Directions: A picture-free, exact reproduction of the listing that follows is required.
§ §
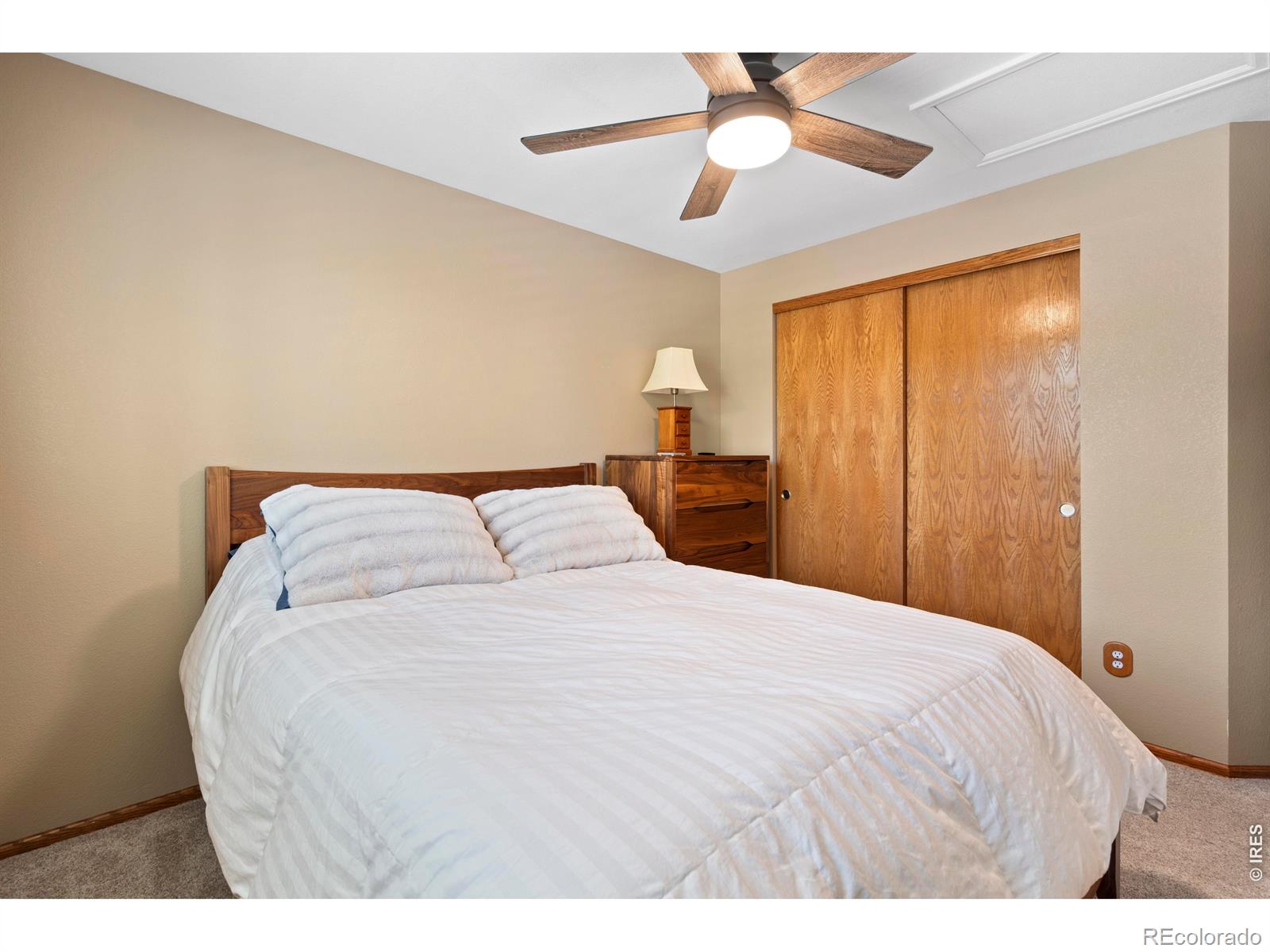 1346 Nonaham Lane Erie CO 80516
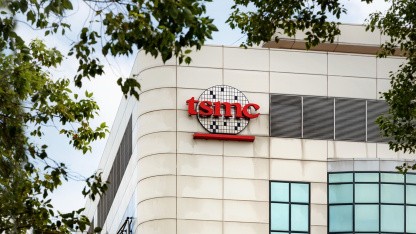 Halbleiterfabrik in Sachsen: TSMC beginnt in Dresden mit Personaleinstellung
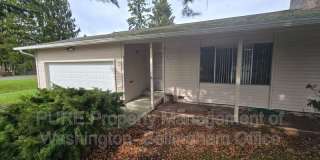 3366 Cherrywood Ave Gallery 1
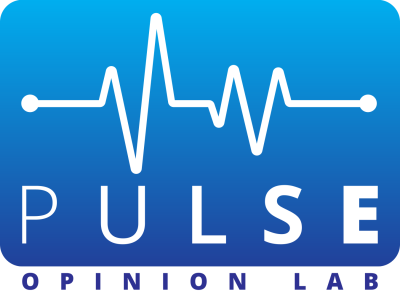 Pulse_Logo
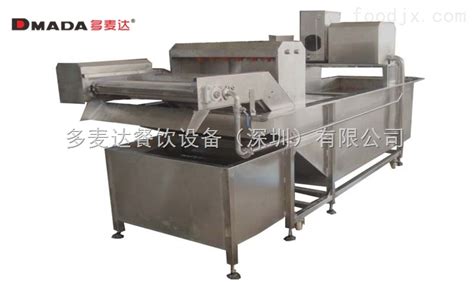 多功能食品加工機(jī)(多功能食品加工機(jī)怎么使用)縮略圖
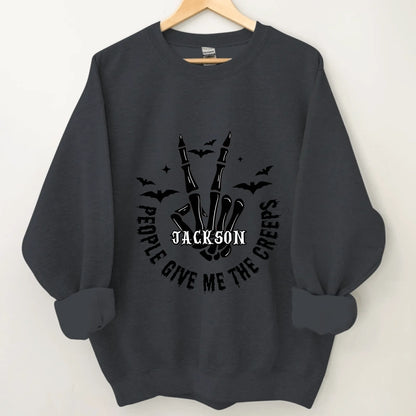 large (1)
§ §
Reply to the exercise:
 1346 Nonaham Lane Erie CO 80516
 Halbleiterfabrik in Sachsen: TSMC beginnt in Dresden mit Personaleinstellung
 3366 Cherrywood Ave Gallery 1
 Pulse_Logo
 多功能食品加工機(jī)(多功能食品加工機(jī)怎么使用)縮略圖
 large (1)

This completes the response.